Con la autorización judicial para reforzar de manera provisional las 
restricciones al ingreso de refugiados, el político republicano tiene en
 sus manos un instrumento para dejar fuera a un número enorme de 
potenciales migrantes, sobre todo a los pertenecientes a la fe islámica,
 pero los datos duros, como el análisis ofrecido ayer por el documento 
referido, muestran que hasta ahora no se ha producido la ofensiva 
generalizada con que Trump sedujo a sus votantes y escandalizó a la 
opinión pública mundial.

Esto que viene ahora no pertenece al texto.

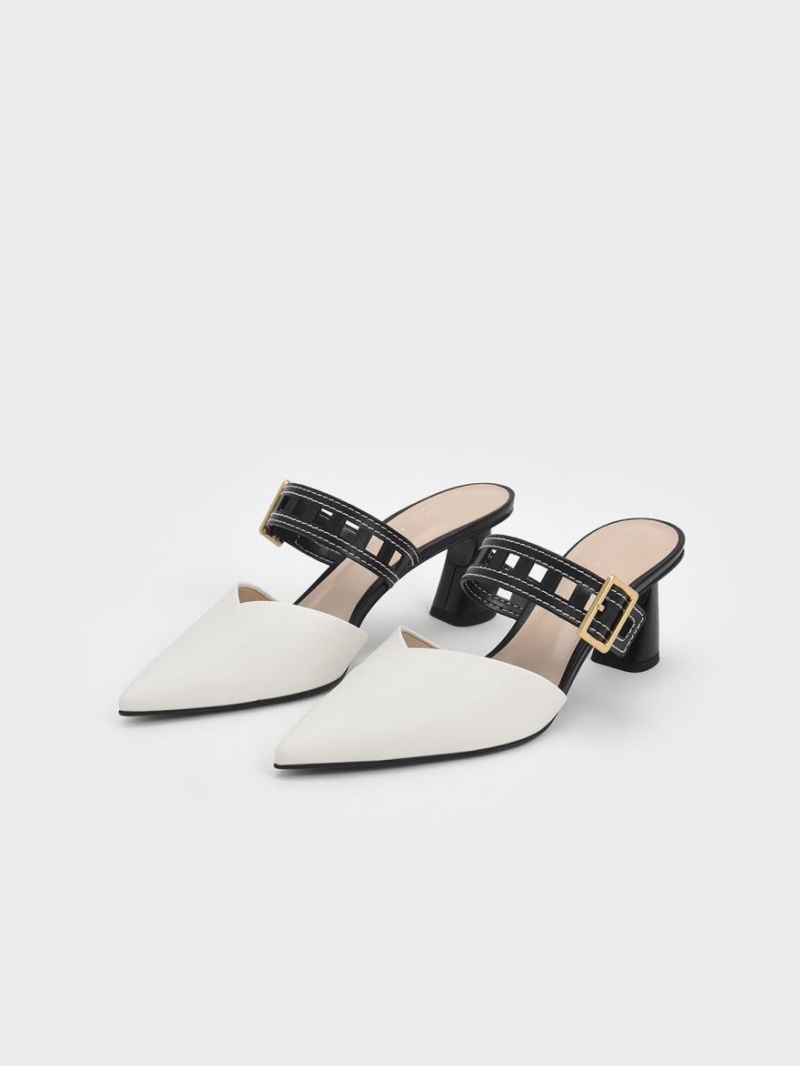 Charles And Keith Sepphe Cut-Out Strap Heeled Mule Pumps White | PHILIPPINES T137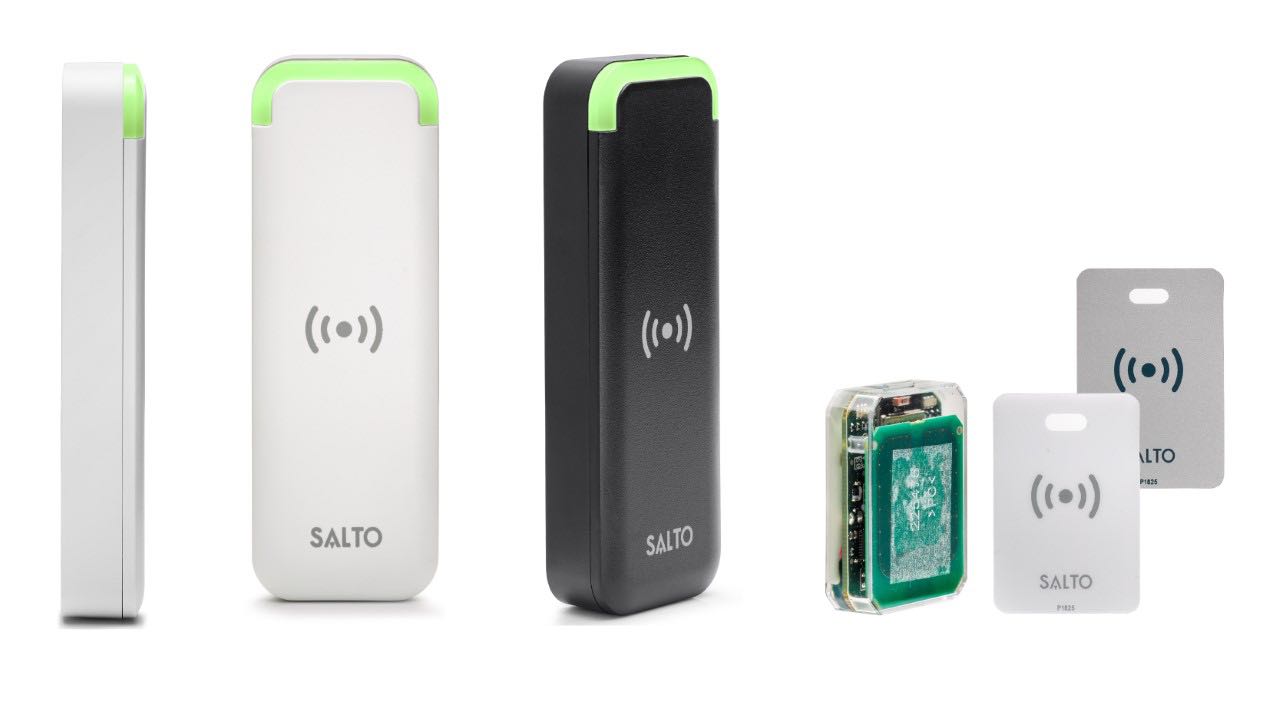 Salto Inbyggnadsläsare är designade för att kunna integreras i tredjepartsläsare såsom porttelefoner, hisspaneler, entrékors eller för diverse relästyrningar.
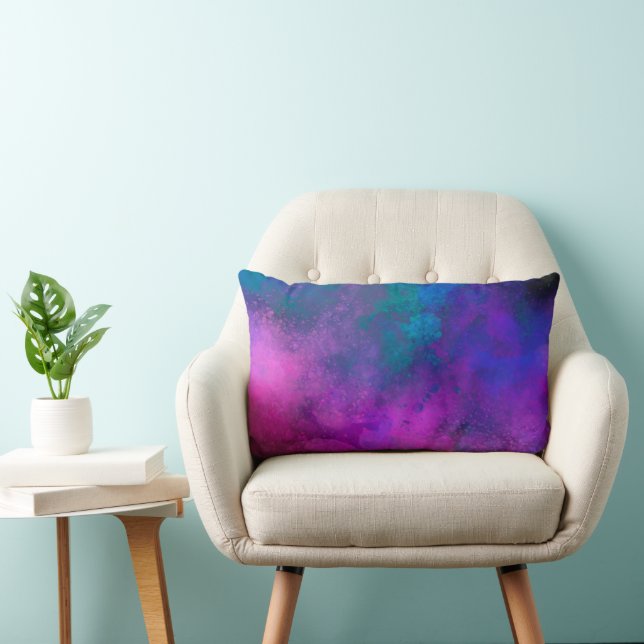 Coussin Rectangle Galaxy Paint Splatt effet rose bleu vert (Chaise)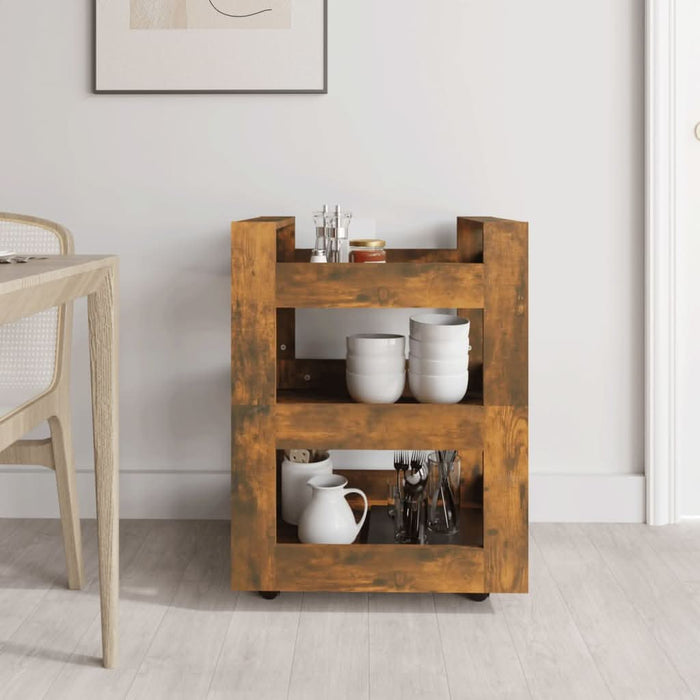 Cărucior de bucătărie stejar fumuriu 60x45x80 cm lemn prelucrat - WALTI WALTI
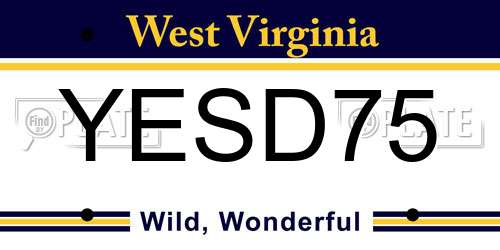 YESD75 West Virginia License Plate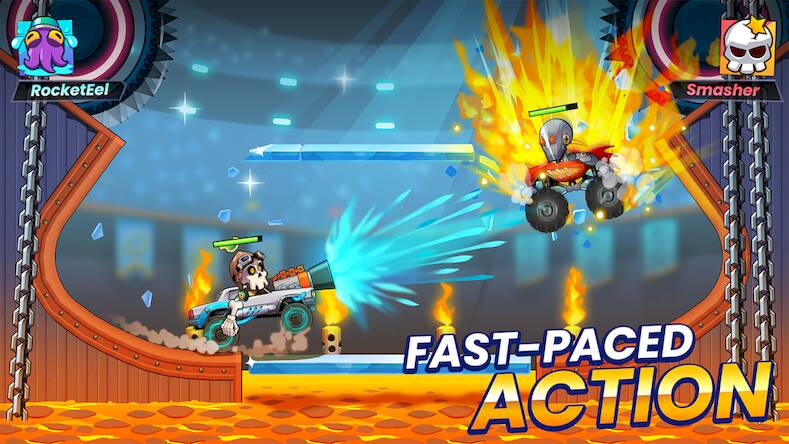 Скачать взломанную Smash Stars: Epic Car Battles! [Бесплатные покупки] MOD apk на Андроид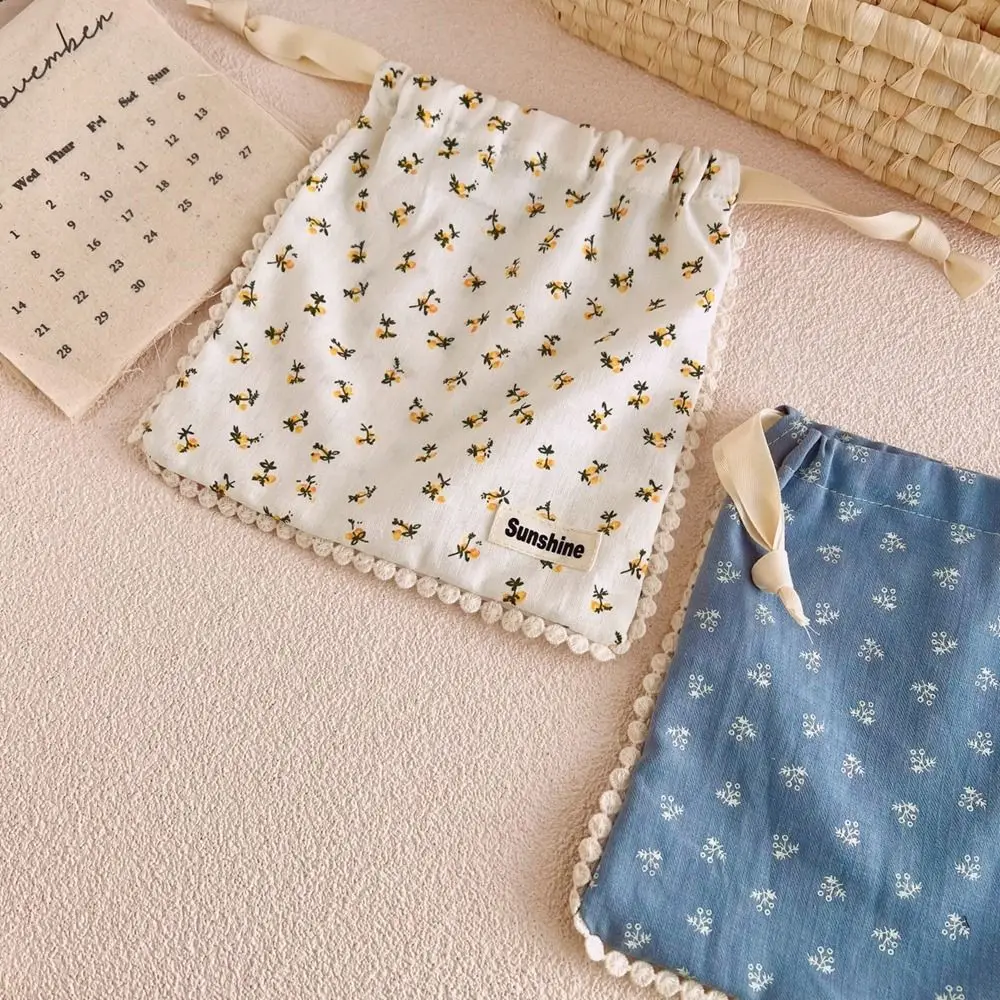 Coin Purses Idyllic Cotton Printing Drawstring Bundle Pocket Storage Bags Floral Small Cloth Cosmetics Bags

Se impone una reflexión del por qué de esta 
disparidad entre el discurso de odio impulsado por el magnate desde que 
se encontraba en campaña electoral y sus acciones concretas para 
expulsar del país a los ciudadanos extranjeros.
Una posible respuesta se encuentra en que tal discurso intolerante 
haya sido articulado de manera hipócrita con fines electoreros y hoy se 
le dé continuidad como parte de una estrategia demagógica dirigida a los
 sectores más retrógrados de la sociedad estadunidense, entre los cuales
 Trump recoge a sus adeptos, mientras que el propio mandatario y su 
entorno cercano son conscientes de la dependencia que la economía 
estadunidense tiene hacia los trabajadores migrantes. Cabe recordar, a 
este respecto, las quejas de empresarios, principalmente en los ramos 
agrícola, de la construcción y de servicios, en el sentido de que ningún
 trabajador local está dispuesto a tomar las plazas dejadas por los 
migrantes –realidad demostrada en modo por demás incontestable e irónico
 en marzo pasado, cuando se reveló que el viñedo de Eric Trump, hijo del
 presidente, solicitó un permiso para contratar trabajadores extranjeros
 al no encontrar estadunidenses que quieran cosechar uvas.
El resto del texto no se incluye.